During his career in the Labor Party, D'Adam has supported structural reforms which prioritise rank-and-file democracy over "the centralisation of authority".

Prior to his election in 2019, D'Adam was a long-term member of the NSW Labor Administrative Committee. On 19 October 2023, D'Adam signed an open letter which condemned attacks against Israeli and Palestinian civilians. On 22 November 2023, D'Adam called on the Australian Government "to use its influence to end the Israeli occupation of Palestinian territory".

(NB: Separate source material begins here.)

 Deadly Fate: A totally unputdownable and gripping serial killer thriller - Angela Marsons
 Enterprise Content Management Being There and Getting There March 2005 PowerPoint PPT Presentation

In December 2023, D'Adam organised an open letter with Greens MP Jenny Leong that called on the Albanese government to 're-examine its relationship with Israel' in light of Palestinian civilian casualties. 203 Australian politicians signed the letter including 11 Labor members of the NSW Government and the state's former Labor Premier, Bob Carr. On 9 January 2024, the Australian Palestinian Advocacy Network endorsed the letter, noting that the number of signatories had increased to 317.

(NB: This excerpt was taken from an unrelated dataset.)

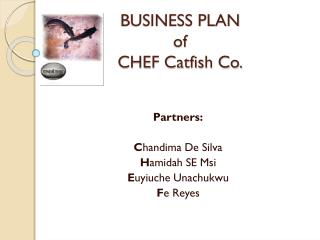 BUSINESS PLAN of CHEF Catfish Co.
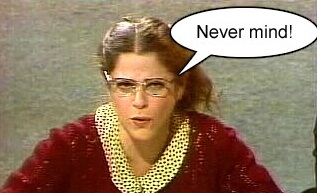 emily-litella-never-mind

D'Adam's comments during the Gaza conflict have been a source of controversy for Premier Chris Minns who has attempted to ban pro-Palestine protests.

On 15 May 2024 D'Adam made a speech that criticised the conduct of New South Wales Police towards participants in pro-Palestinian rallies. Premier Chris Minns dismissed D'Adam from his role as the parliamentary secretary for youth justice after he refused to withdraw his remarks. In October 2024, D'Adam described a proposal by Minns that would empower police to ban protests as 'incredibly dangerous'. In early August 2025, D'Adam attended the March for Humanity in Sydney, a large protest highlighting the plight of Palestinians in the Gaza conflict. In a caucus meeting D'Adam criticised Minns' position on the Gaza war and the premier's opposition to the weekend protest on the issue. Later, D'Adam in a parliamentary speech said he was bullied and gaged in caucus by other Labor representatives who sought to shut down discussion on Palestine and the protest.

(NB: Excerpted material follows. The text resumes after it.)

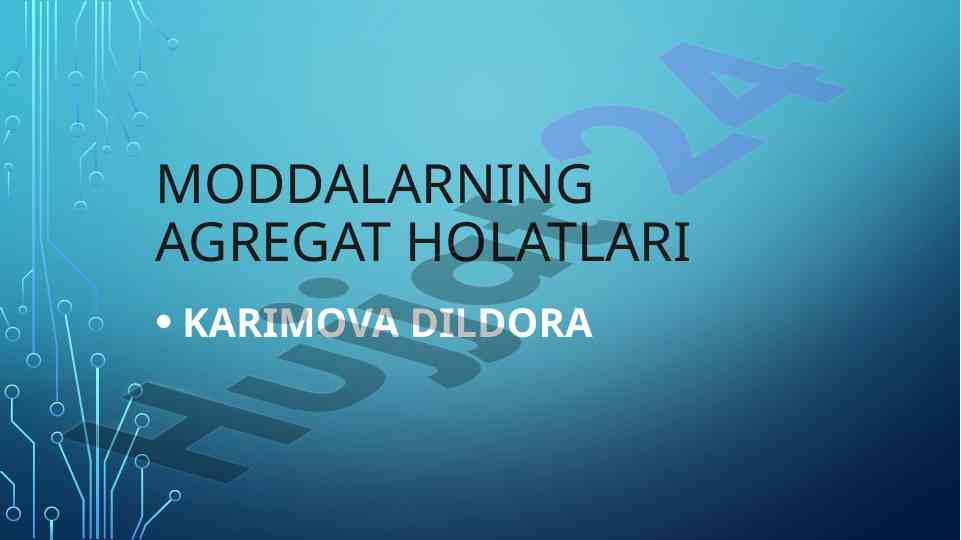Moddalarning agregat holatlari tushuncha va tahlil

During debate on the Terrorism and Other Legislation Amendment Bill 2025 introduced in the wake of the Bondi shooting, D'Adam spoke out against the bill's aims, stating that an attempt to constrain chants in protests was "a fool's errand".

==== Other international issues ====
In a 2021 speech commemorating The Tamil Genocide by Sri Lanka, D'Adam called on the Australian government to consider implementing Magnitsky legislation to target perpetrators of human rights abuses.